The Oxford Sure Start Centre in Sutton Courtenay and the Family Centre in Abingdon, had claimed they were preventing youngsters from singing the traditional nursery rhyme, asking them instead to chant "Baa Baa Rainbow Sheep", to comply with equal opportunities rules.

But following criticism from councillors and academics, they have done a U-turn and said children are encouraged to use a range of adjectives and adverbs to sing the song including 'black'.

Earlier this week Stuart Chamberlain, of the Sure Start Centre, said: "Basically we have taken the equal opportunities approach to everything we do. This is fairly standard across nurseries. We are following stringent equal opportunities rules. No one should feel they are pointed out because of their race, gender, or anything else."

But after being contacted by The Oxford Times, the charity Parents And Children Together, which runs the two centres, said it would be turning the song into an "action rhyme".

Chief executive Yvette Gayford said: "They sing happy, sad, bouncing, hopping, pink, blue, black and white sheep and they also exchange boy and girl at the end of the rhyme."
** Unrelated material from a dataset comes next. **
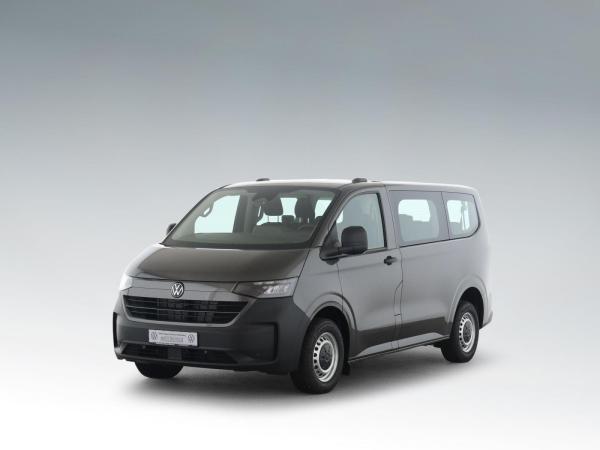 Volkswagen Transporter T7Kombi 2.0 TDI 8AG KR+AHK+RFK+GJR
Reports of the nurseries' actions provoked an outcry, as the rhyme has nothing to do with race. It dates back to the Middle Ages and relates to a tax imposed on wool.
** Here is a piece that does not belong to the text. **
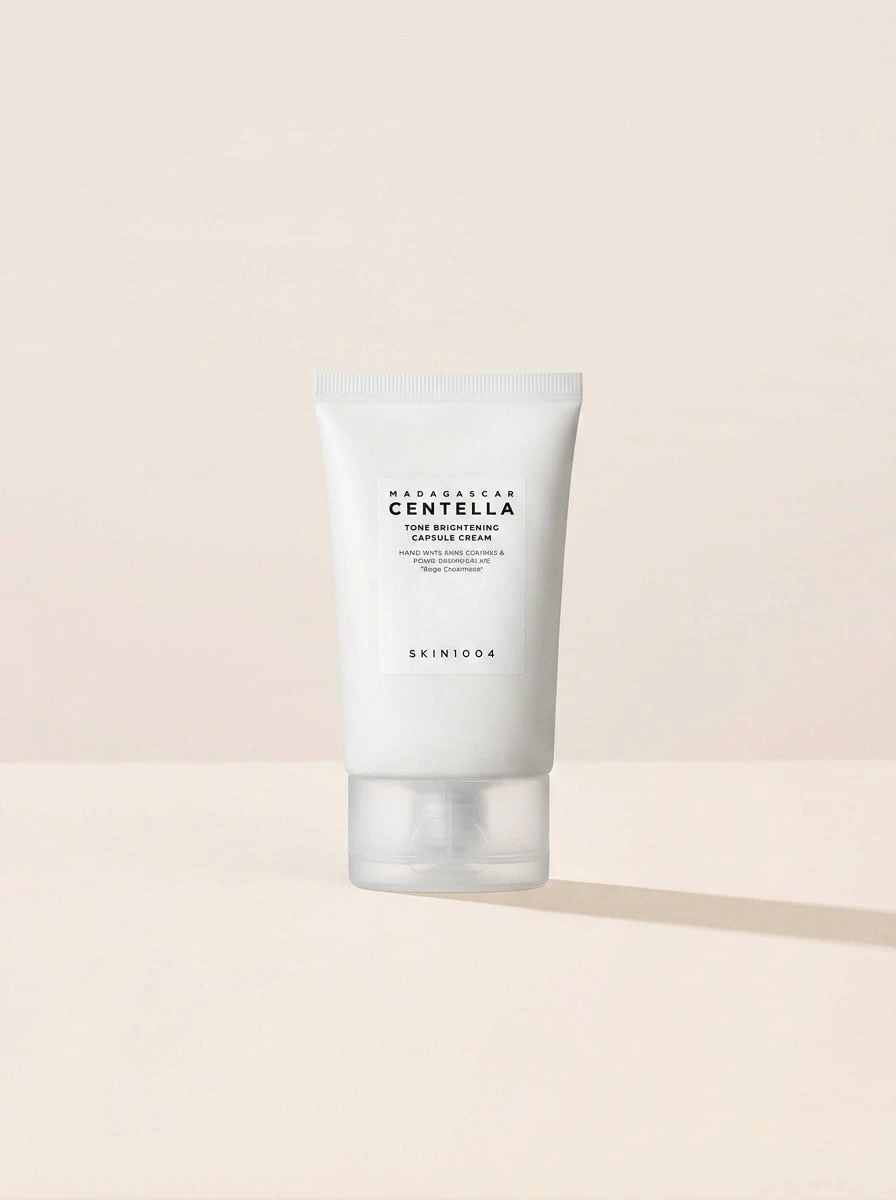 SKIN1004 Madagascar Centella Tone Brightening Capsule Cream 75 Ml ...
Keith Mitchell, leader of the county council, said: "This is another example of political correctness gone mad and it cannot be tolerated. This is a madness that is creeping into our society."

Marilyn Butler, a retired professor of English literature at Cambridge University and former rector of Exeter College, Oxford, said: "Nursery rhymes tell a story that people at the time knew about, that's why it's so ridiculous to pick that word out.

"To have the idea that the word black has only got such a narrow meaning is completely absurd.

"The whole fun with nursery rhymes is to figure out what the original story is. It would make far more sense to explain to the children the meaning and the history of the rhyme."